Die o. g. Beispiele zeigen, dass eine Neutralleiterunterbrechung unterschiedlichste Ursachen haben kann. Gleichzeitig lässt sich in der Praxis oft nur schwer ermitteln, weshalb es zu einer Unterbrechung des Neutralleiters kommt. Daher sollten sich Elektrofachkräfte, Gutachter und andere Verantwortliche nicht nur über die Ursachen, sondern auch über das Feststellen einer Neutralleiterunterbrechung informieren.

Neutralleiterunterbrechung finden

Um festzustellen, ob eine Neutralleiterunterbrechung vorliegt, müssen Elektrofachkräfte verschiedene Aspekte beachten. Insbesondere nach einem Brand durch die Elektrotechnik ist es oft schwierig, eine Neutralleiterunterbrechung eindeutig als Schadensursache zu bestimmen.

Mögliche Hinweise für einen unterbrochenen Neutralleiter können sein, dass das Licht im Raum kurz vor der Brandentstehung durch die Unterbrechung heller wurde. Ebenso können andere Schäden an elektronischen Geräten, die erst vor kurzem aufgetreten sind, auf eine Neutralleiterunterbrechung hinweisen.

Darüber hinaus sollten die Verantwortlichen alle Elektroverteilungen, Zählerschränke und den Hausanschlusskasten untersuchen. Auch andere mögliche Klemmstellen sollten genau geprüft werden.
→ Achtung: Ein plombierter Hausanschlusskasten und der plombierte Teil des Zählerschrankes dürfen nicht ohne Weiteres geöffnet werden!

Zusätzlich kann es hilfreich sein, herauszufinden, ob eine Elektrofirma oder eine andere befähigte Person bereits bestimmte erste Maßnahmen am Betriebsmittel durchgeführt hat, die auf eine Neutralleiterunterbrechung hindeuten können.

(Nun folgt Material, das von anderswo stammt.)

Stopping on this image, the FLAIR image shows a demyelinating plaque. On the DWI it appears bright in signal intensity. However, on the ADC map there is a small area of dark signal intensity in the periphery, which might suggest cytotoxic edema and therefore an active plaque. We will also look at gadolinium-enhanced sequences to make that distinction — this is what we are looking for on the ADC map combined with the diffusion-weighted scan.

Neutralleiterunterbrechung messen

Um eine Neutralleiterunterbrechung zu messen oder zu prüfen, haben Elektrofachkräfte verschiedene Möglichkeiten. Naheliegend sind folgende Methoden:

  • Am Neutralleiter messen, ob er gegen die Außenleiter eine Spannung führt.
  • Den Netzinnenwiderstand mit einem entsprechenden Prüfgerät untersuchen.

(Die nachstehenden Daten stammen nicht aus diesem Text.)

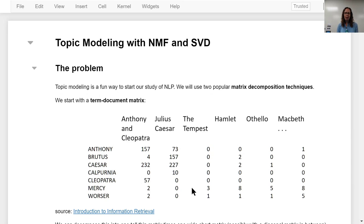I'm going to start with Notebook 2: Topic Modeling with NMF and SVD.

Insbesondere das Messen des Netzinnenwiderstands spielt beim Feststellen der Neutralleiterunterbrechung eine entscheidende Rolle. Denn dies gilt als Nachweis, dass der Überstromschutz ordnungsgemäß eingerichtet wurde und damit auch, dass der Neutralleiter ordnungsgemäß angeschlossen ist. Kommen hier bestimmte Unstimmigkeiten zu Tage, können sie auf eine Neutralleiterunterbrechung hindeuten.

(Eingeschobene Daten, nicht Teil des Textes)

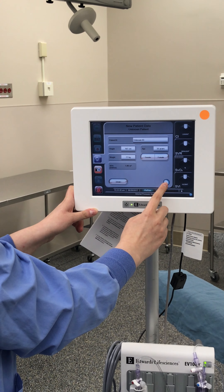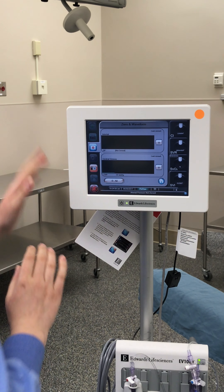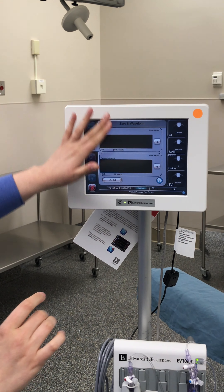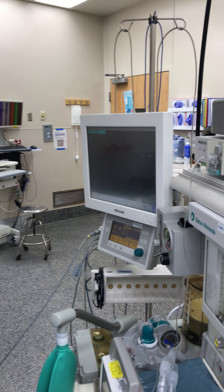Then we're going to hit this little home button here in the corner. It's going to come up with this screen — zero in waveform. So we need to zero our arterial line and our central line here, and we need to do it at the same time as we do on our Philips monitor for anesthesia.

Zwar wird einer Messung des Netzinnenwiderstands in den einschlägigen Normen nicht explizit gefordert (DIN VDE 0100-610, DIN VDE 0105-100, DIN VDE 0701/VDE 0702). In der Praxis kann diese Methode dennoch eine wichtige Möglichkeit darstellen, eine Neutralleiterunterbrechung zu messen.

Doch was passiert, wenn die Unterbrechung unentdeckt bleibt?

Folgen einer Neutralleiterunterbrechung

Kommt es zu einer Neutralleiterunterbrechung, drohen im Ernstfall unterschiedliche Folgen. Möglich sind insbesondere:

  • Wechselstrom: Ausfall des betroffenen Stromkreises
  • Wiederholt gefährliche Spannungen (Überspannungsschäden)
  • Sternpunktverschiebungen
    → Spannungsanhebungen bzw. -absenkungen an den betroffenen Betriebsmitteln
  • Insbesondere in TN-C- und TN-C-S-Netzen:
    • Störungen an empfindlichen Geräten
    • Erhöhte Korrosion

Durch die möglichen Störungen und Überspannungsschäden an den Betriebsmitteln kann eine Neutralleiterunterbrechung in seltenen Fällen und je nach Verbraucher sogar Brände verursachen.

Brandursache Neutralleiterunterbrechung

Zwar lässt sich die Unterbrechung eines Neutralleiters in der Praxis meist schwer als tatsächliche Brandursache feststellen. Deshalb sollte sie jedoch keinesfalls außer Acht gelassen werden, wenn es nach dem Unglück um die Begutachtung und Einordnung des Brandgeschehens geht. Das zeigt ein Vorfall aus dem Jahr 2017.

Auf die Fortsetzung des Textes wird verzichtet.